Turkey’s growing Somalia interests

There are hundreds of Turkish relief workers in Mogadishu. Among 20 Turkish aid agencies operating in Somalia, the Turkish Red Crescent and Turkish International Cooperation and Development Agency are playing an active role in rebuilding the country.

They have assisted with drilling boreholes across the country, building hospitals, rehabilitating parts of Mogadishu airport and restoring some government buildings, including the National Assembly.

In March 2012, Turkish Airlines became the first international airline in two decades to operate regular flights to Mogadishu’s Aden Adde International Airport.

Turkey hopes to gain not only from Somalia’s potential oil reserves, but also wants to play an active role in Africa’s emerging markets.

The Turkish Ministry of Economy has been implementing the “Strategy for Enhancing Trade and Economic Relations with African Countries” since 2003. Turkey’s exports to the continent grew four-fold between 2003 and 2011, leaping from $2.1bn to $10.3bn. The number of Turkish embassies in Africa increased from 12 in 2009 to 34 in 2013.

The Turkish parliament approved an agreement last November to train Somali security forces. This policy, according to Abdullah Bozkurt, Ankara bureau chief for the newspaper Today’s Zaman, was the motive behind the al-Shabaab attack on the Turkish mission. 

“The security dimension is a direct challenge to al-Shabaab and al-Qaeda affiliated groups because Turkey, a country that has been fighting with terror groups for years, can make a difference in training Somali forces on how to address to the terror issue,” Bozkurt told Al Jazeera. “I believe the aim of the attack is to deter Turkey from engaging further in rebuilding Somalian security forces including intelligence service; a kind of warning to the Turkish government to stay away from Somalia.”

 
Turkey hosted conference on Somalia in May, 2012

Security forces knew an attack would be possible, diplomats said. 

“There was a threat to Turkish institutions, that’s why the sandbags were placed to the outer walls of buildings.
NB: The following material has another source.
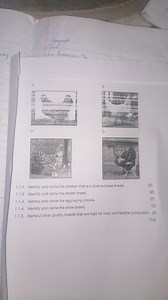 Identify and name the chicken that is a dual-purpose breed.Ide... | Filo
We warned the Somali police, but unfortunately they didn’t take the necessary measures,” Turkey’s ambassador to Somalia, Cemalettin Kani Torun, told Al Jazeera. “If they [had] prevented the vehicle coming to our front door, this incident wouldn’t [have] occured.”

“The message to us is to get out of here, but of course we will stay and complete the projects we’ve launched; that’s what the vast majority of Somalia request.”

 

The recent bombing was not al-Shabaab’s first attack against Turkish targets. In April, several Somalis were killed and three Turkish officers injured when a humanitarian convoy of the Turkish Red Crescent was hit in a bomb attack in Mogadishu.

Al-Shabaab’s largest attack was in October 2011. It wasn’t directly targeting Turkey’s convoys or buildings, but rather its humanitarian efforts. A suicide truck-bomber killed more than 70 people, many of them students and their parents, waiting for the results of scholarships offered by Turkey outside of the Ministry of Higher Education.

The Somali Students Union in Turkey states that there are around 1,600 Somali students who live and study in Turkey, and 99 percent of these students received scholarships. But it is rare for Somali students to complete their studies in Turkey. Many have other plans, like Nur Bukhari.

“I am planning to return home soon to serve my people and my country with what I had studied so far,” Bukhari said. “My country needs educated people who can turn this bad situation into a good one.”